# BM25 Document Search and Analysis

This Information Retrieval System allows users to index a corpus of documents and perform searches using a BM25 ranking model. The system is designed for processing large datasets efficiently by utilizing a SPIMI (Single Pass In-Memory Indexing) indexing technique.

## Features

- **Tokenizer**: Supports tokenization with options for case normalization, stopword removal, and stemming.
- **Indexing**: Indexes documents in batches, allowing for scalability.
- **Searching**: Implements the BM25 ranking model for retrieving relevant documents based on queries.

In [2]:
import sys
import os
import time
import ujson
from typing import List, Dict

# Add parent directory to path to import from src
sys.path.append('..')

# Import our custom modules
from src import data_processing as dp
from src import bm25_search as bm25
from src import evaluation as ndcg 

## Configuration

The tokenizer processes text into tokens suitable for indexing and searching. It includes the following options:

- **Case Normalization**: Converts all tokens to lowercase if `lowercase=True`.
- **Minimum Token Length**: Discards tokens shorter than `min_token_length` (default is 3).
- **Stopword Removal**: Removes common stopwords if a stopword list is provided.
- **Stemming**: Reduces tokens to their stem forms using the Snowball Stemmer if `stem=True`.

In [3]:
# Paths configuration
CORPUS_PATH = '../data/MEDLINE_2024_Baseline.jsonl'
OUTPUT_DIR = '../output'
QUESTIONS_PATH = '../data/questions.jsonl'  # Optional: for batch processing

# Tokenizer configuration
TOKENIZER_CONFIG = {
    'min_token_length': 3,
    'lowercase': True,
    'stem': True,
    'stopwords': None  # Can provide a set of stopwords
}

# BM25 parameters
BM25_PARAMS = {
    'k1': 1.2,  # Term frequency saturation
    'b': 0.75   # Document length normalization
}

# Indexing parameters
BATCH_SIZE = 10000
N_RESULTS = 100


## Corpus Indexing

Run this section to build or select a existing index file. 

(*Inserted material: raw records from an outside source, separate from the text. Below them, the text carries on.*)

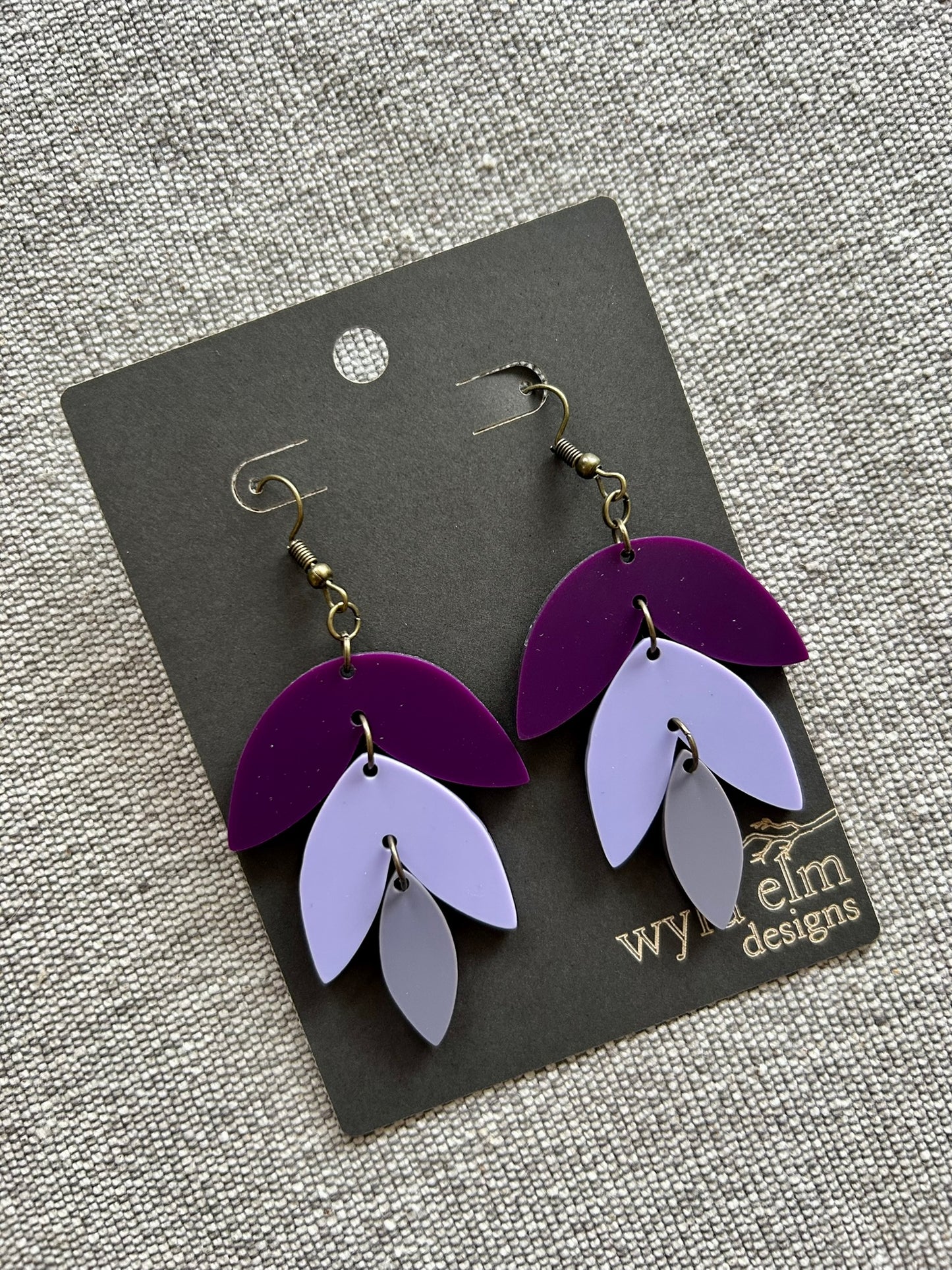 Perfectly Purple Petal Acrylic Earrings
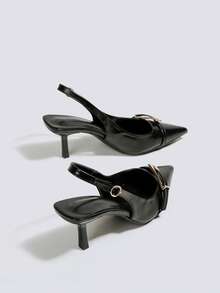 女士黑色露跟高跟鞋、派对高跟鞋、婚鞋、高跟浅口鞋、高跟凉鞋、玛丽珍鞋、正装鞋、尖头套脚高跟鞋 - 黑色 - 查看 5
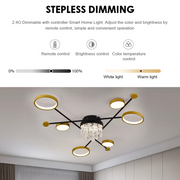 Lustre LED avec télécommande et cristal GUIDA 38W, 6 Éléments, Lumière Froide/Chaude/Neutre, Dimmable, Noir Or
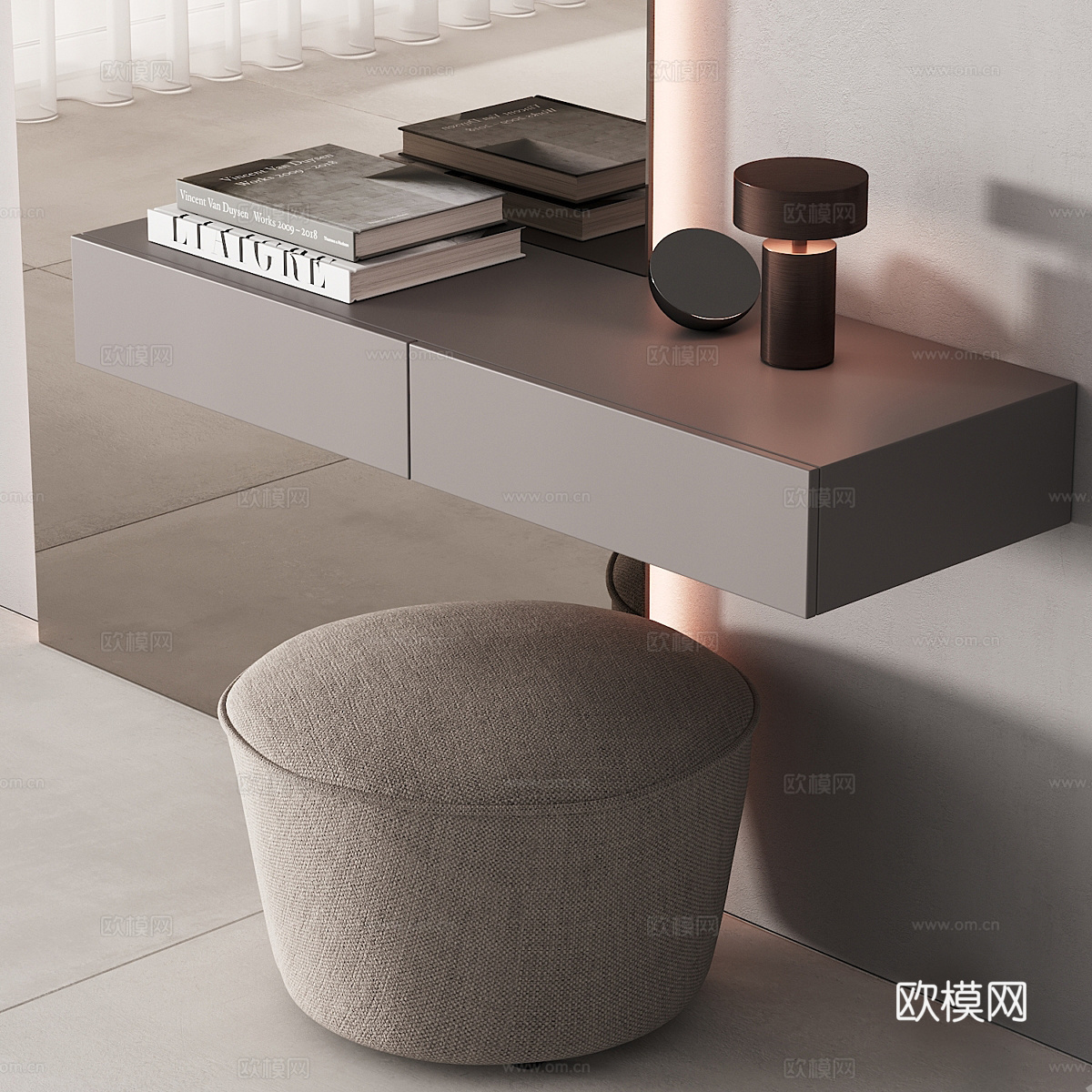 现代梳妆台su模型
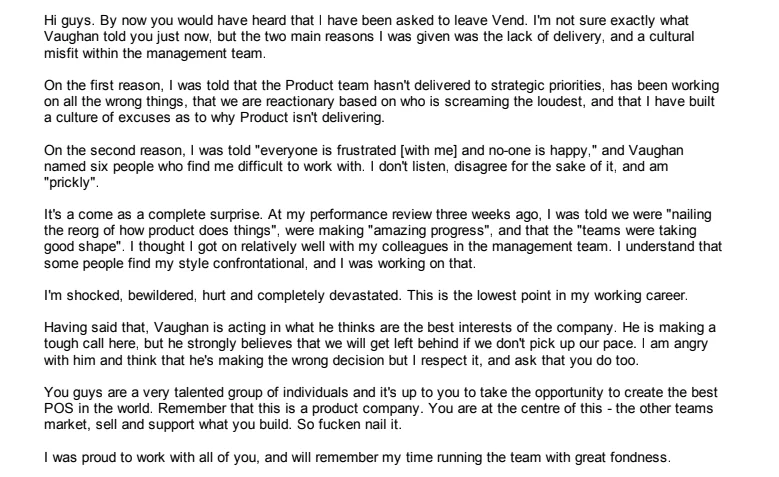 Scan of the email Trent wrote to his team after being fired in 2013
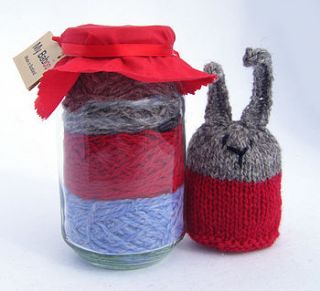 bunny egg cosy knitting kit by my baboo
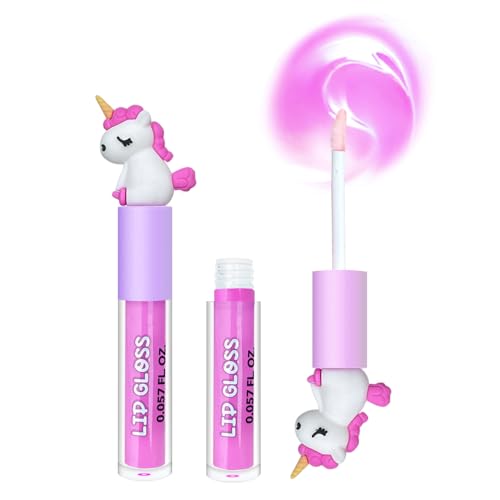 M&U MAKE YOU UP 4pc Unicorn Lip Gloss Stick for Girls- Party Favors Glossy Lip Set with Magic Topper, Girls Birthday Gift, Princess Theme Gift (4 Pack) - Non Toxic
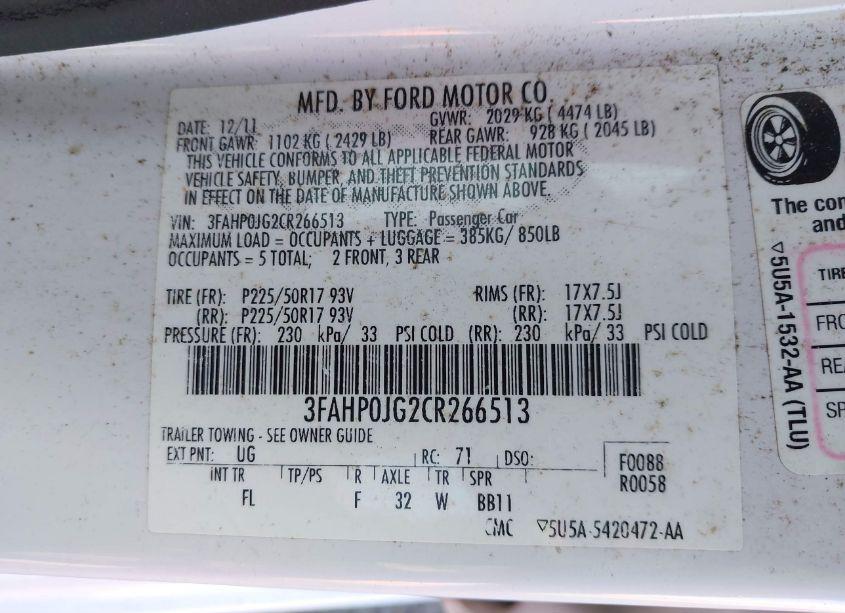 Photo 9 of 2012 Ford Fusion SEL (VIN 3FAHP0JG2CR266513)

### Optimization Techniques in Indexing

- **SPIMI Algorithm**: Implements the Single-Pass In-Memory Indexing algorithm to efficiently handle large datasets by writing partial indexes to disk.
- **Batch Processing**: Indexes documents in batches (`batch_size=10000`) to manage memory usage.
- **Precompiled Regular Expressions**: Uses precompiled regex patterns in the tokenizer to improve tokenization speed.
- **Stemming Cache**: Caches stemmed tokens to avoid redundant computations during tokenization.
- **MessagePack Serialization**: Uses `MessagePack` for efficient binary serialization when writing partial and merged indexes to disk.

### Index File Format
- **Format**: The index is stored as a MessagePack (`.msgpack`) file.

- **Structure**:
  - **Index**: A dictionary where keys are terms and values are dictionaries mapping document IDs to lists of positions where the term occurs.
  - **Document Lengths**: A dictionary mapping document IDs to the total number of tokens in each document.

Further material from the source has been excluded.